[Web page caption snippets]
--------------------------------------------------
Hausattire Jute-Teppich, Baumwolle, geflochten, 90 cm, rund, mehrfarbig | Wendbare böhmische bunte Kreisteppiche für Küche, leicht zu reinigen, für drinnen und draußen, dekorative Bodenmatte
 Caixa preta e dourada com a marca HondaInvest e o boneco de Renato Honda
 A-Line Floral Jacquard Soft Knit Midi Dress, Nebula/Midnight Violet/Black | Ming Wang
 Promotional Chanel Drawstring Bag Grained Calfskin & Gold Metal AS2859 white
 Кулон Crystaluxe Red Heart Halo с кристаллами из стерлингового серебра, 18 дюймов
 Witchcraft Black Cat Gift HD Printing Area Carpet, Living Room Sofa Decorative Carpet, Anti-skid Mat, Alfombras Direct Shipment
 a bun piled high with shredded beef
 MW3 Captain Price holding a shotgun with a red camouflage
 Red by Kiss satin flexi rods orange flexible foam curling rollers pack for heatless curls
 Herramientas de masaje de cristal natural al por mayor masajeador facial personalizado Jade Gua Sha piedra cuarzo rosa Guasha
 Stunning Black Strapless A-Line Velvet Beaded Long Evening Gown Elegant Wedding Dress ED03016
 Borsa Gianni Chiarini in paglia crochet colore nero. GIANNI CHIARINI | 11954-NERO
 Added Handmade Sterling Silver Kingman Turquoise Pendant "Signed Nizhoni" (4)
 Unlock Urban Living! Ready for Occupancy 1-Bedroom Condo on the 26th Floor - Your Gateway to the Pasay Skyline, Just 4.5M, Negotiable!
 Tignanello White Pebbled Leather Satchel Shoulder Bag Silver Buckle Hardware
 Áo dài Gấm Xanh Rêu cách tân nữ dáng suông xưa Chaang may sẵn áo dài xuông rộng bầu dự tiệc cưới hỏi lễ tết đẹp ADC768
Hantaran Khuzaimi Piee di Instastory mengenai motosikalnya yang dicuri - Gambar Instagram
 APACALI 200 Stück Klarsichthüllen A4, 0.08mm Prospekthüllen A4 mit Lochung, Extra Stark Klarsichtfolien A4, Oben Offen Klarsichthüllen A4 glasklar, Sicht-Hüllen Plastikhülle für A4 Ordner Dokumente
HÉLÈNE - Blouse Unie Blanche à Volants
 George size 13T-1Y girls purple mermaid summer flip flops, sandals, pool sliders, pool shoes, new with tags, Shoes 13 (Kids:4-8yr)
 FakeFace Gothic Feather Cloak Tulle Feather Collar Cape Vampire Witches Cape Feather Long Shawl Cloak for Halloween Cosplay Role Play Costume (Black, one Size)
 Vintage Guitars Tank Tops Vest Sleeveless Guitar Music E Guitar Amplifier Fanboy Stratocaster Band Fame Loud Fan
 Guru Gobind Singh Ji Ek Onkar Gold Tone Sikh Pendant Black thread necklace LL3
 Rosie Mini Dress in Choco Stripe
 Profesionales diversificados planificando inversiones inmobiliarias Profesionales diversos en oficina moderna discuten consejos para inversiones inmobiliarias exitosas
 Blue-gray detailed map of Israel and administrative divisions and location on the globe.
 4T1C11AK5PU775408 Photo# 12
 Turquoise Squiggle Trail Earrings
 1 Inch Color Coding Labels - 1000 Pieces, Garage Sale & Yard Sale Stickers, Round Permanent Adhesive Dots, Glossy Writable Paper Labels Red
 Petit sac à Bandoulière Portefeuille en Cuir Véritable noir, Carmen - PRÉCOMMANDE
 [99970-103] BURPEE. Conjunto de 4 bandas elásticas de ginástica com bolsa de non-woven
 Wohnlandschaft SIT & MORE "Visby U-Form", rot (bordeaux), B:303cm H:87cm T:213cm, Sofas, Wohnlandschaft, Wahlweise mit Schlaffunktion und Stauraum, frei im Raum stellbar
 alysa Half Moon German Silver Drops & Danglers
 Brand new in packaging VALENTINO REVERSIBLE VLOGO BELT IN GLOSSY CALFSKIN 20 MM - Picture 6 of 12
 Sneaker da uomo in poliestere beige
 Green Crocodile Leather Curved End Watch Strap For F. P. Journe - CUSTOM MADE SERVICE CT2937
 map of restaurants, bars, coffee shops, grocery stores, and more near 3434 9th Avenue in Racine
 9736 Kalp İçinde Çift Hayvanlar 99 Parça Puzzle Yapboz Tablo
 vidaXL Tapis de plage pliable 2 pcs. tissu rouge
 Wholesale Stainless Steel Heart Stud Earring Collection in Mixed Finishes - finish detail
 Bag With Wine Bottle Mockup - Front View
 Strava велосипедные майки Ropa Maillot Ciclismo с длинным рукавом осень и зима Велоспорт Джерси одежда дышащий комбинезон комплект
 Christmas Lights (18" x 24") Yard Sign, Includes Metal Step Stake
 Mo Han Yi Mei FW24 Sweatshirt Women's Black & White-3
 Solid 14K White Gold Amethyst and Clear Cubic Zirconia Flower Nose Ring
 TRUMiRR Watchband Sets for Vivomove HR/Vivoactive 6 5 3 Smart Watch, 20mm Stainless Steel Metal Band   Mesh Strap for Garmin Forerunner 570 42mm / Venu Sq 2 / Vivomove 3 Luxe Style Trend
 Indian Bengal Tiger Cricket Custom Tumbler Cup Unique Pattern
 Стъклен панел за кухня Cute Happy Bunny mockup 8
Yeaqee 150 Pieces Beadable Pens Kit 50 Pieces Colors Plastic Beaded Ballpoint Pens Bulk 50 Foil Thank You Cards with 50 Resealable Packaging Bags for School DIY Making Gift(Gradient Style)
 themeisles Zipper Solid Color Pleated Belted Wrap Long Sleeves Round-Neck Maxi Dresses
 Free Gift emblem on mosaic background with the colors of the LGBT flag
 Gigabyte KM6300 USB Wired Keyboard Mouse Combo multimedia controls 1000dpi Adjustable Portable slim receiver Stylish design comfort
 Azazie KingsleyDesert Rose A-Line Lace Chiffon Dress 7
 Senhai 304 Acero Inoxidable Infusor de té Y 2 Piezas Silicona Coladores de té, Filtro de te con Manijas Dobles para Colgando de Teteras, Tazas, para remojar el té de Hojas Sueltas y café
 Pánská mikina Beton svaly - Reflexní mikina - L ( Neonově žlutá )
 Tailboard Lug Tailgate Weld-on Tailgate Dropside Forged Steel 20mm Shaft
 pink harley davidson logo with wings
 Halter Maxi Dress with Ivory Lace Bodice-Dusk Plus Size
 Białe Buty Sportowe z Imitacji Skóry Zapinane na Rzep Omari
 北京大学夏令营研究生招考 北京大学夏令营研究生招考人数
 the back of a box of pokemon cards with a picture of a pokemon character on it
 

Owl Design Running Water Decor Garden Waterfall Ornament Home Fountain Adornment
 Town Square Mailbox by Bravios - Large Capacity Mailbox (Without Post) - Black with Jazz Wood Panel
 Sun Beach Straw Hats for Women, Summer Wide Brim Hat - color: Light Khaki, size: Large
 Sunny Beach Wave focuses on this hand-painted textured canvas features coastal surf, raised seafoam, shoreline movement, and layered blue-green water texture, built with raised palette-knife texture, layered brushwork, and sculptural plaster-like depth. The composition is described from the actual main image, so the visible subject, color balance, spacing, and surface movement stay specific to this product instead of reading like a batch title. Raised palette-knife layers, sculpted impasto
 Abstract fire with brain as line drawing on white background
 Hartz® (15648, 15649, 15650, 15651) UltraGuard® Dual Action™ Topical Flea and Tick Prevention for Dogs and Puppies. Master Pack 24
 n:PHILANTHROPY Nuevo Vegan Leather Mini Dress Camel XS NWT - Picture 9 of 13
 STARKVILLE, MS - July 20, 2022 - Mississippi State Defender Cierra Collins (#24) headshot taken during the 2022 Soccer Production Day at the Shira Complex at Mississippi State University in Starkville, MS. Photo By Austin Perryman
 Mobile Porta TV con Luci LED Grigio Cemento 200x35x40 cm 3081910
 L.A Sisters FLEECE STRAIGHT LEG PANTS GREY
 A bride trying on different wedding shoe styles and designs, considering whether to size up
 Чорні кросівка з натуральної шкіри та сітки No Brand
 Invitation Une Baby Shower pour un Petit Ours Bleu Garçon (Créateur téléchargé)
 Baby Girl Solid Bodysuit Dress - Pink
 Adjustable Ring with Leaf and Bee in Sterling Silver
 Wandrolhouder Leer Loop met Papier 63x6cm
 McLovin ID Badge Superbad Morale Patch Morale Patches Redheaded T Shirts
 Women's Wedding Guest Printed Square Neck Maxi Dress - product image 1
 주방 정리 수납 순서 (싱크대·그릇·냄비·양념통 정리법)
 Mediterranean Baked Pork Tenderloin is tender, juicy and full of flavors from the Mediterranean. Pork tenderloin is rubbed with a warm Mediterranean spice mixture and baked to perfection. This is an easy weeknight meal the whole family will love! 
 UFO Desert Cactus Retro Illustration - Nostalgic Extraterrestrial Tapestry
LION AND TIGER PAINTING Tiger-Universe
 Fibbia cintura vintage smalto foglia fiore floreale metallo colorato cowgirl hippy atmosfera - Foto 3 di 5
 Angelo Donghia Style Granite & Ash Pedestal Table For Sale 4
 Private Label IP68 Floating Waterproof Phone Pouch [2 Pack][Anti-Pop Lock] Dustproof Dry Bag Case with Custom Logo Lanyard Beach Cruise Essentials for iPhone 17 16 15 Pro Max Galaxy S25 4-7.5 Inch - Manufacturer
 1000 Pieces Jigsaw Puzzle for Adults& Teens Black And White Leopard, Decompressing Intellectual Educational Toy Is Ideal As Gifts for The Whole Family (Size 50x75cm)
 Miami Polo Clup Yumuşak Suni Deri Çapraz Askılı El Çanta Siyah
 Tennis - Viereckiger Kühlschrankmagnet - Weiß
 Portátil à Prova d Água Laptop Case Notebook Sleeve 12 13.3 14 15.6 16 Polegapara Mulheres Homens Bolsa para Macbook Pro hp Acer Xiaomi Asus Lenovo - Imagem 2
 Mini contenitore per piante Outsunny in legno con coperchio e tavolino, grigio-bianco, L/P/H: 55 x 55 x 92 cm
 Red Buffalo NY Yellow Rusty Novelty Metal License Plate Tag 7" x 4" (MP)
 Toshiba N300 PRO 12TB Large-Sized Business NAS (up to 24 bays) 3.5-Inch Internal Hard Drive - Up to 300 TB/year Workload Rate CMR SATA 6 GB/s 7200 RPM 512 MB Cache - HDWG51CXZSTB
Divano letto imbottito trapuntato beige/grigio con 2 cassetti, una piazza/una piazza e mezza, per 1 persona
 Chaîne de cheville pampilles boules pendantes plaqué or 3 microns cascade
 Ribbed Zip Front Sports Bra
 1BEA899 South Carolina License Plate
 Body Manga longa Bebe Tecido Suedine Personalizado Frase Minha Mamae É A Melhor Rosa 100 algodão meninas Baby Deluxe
--------------------------------------------------
[ABOUT THIS EXERCISE] Quote the records from their first line to the line with "George size 13T-1Y", inclusive, without adding or dropping anything.

[EXPECTED ANSWER]
Hausattire Jute-Teppich, Baumwolle, geflochten, 90 cm, rund, mehrfarbig | Wendbare böhmische bunte Kreisteppiche für Küche, leicht zu reinigen, für drinnen und draußen, dekorative Bodenmatte
 Caixa preta e dourada com a marca HondaInvest e o boneco de Renato Honda
 A-Line Floral Jacquard Soft Knit Midi Dress, Nebula/Midnight Violet/Black | Ming Wang
 Promotional Chanel Drawstring Bag Grained Calfskin & Gold Metal AS2859 white
 Кулон Crystaluxe Red Heart Halo с кристаллами из стерлингового серебра, 18 дюймов
 Witchcraft Black Cat Gift HD Printing Area Carpet, Living Room Sofa Decorative Carpet, Anti-skid Mat, Alfombras Direct Shipment
 a bun piled high with shredded beef
 MW3 Captain Price holding a shotgun with a red camouflage
 Red by Kiss satin flexi rods orange flexible foam curling rollers pack for heatless curls
 Herramientas de masaje de cristal natural al por mayor masajeador facial personalizado Jade Gua Sha piedra cuarzo rosa Guasha
 Stunning Black Strapless A-Line Velvet Beaded Long Evening Gown Elegant Wedding Dress ED03016
 Borsa Gianni Chiarini in paglia crochet colore nero. GIANNI CHIARINI | 11954-NERO
 Added Handmade Sterling Silver Kingman Turquoise Pendant "Signed Nizhoni" (4)
 Unlock Urban Living! Ready for Occupancy 1-Bedroom Condo on the 26th Floor - Your Gateway to the Pasay Skyline, Just 4.5M, Negotiable!
 Tignanello White Pebbled Leather Satchel Shoulder Bag Silver Buckle Hardware
 Áo dài Gấm Xanh Rêu cách tân nữ dáng suông xưa Chaang may sẵn áo dài xuông rộng bầu dự tiệc cưới hỏi lễ tết đẹp ADC768
Hantaran Khuzaimi Piee di Instastory mengenai motosikalnya yang dicuri - Gambar Instagram
 APACALI 200 Stück Klarsichthüllen A4, 0.08mm Prospekthüllen A4 mit Lochung, Extra Stark Klarsichtfolien A4, Oben Offen Klarsichthüllen A4 glasklar, Sicht-Hüllen Plastikhülle für A4 Ordner Dokumente
HÉLÈNE - Blouse Unie Blanche à Volants
 George size 13T-1Y girls purple mermaid summer flip flops, sandals, pool sliders, pool shoes, new with tags, Shoes 13 (Kids:4-8yr)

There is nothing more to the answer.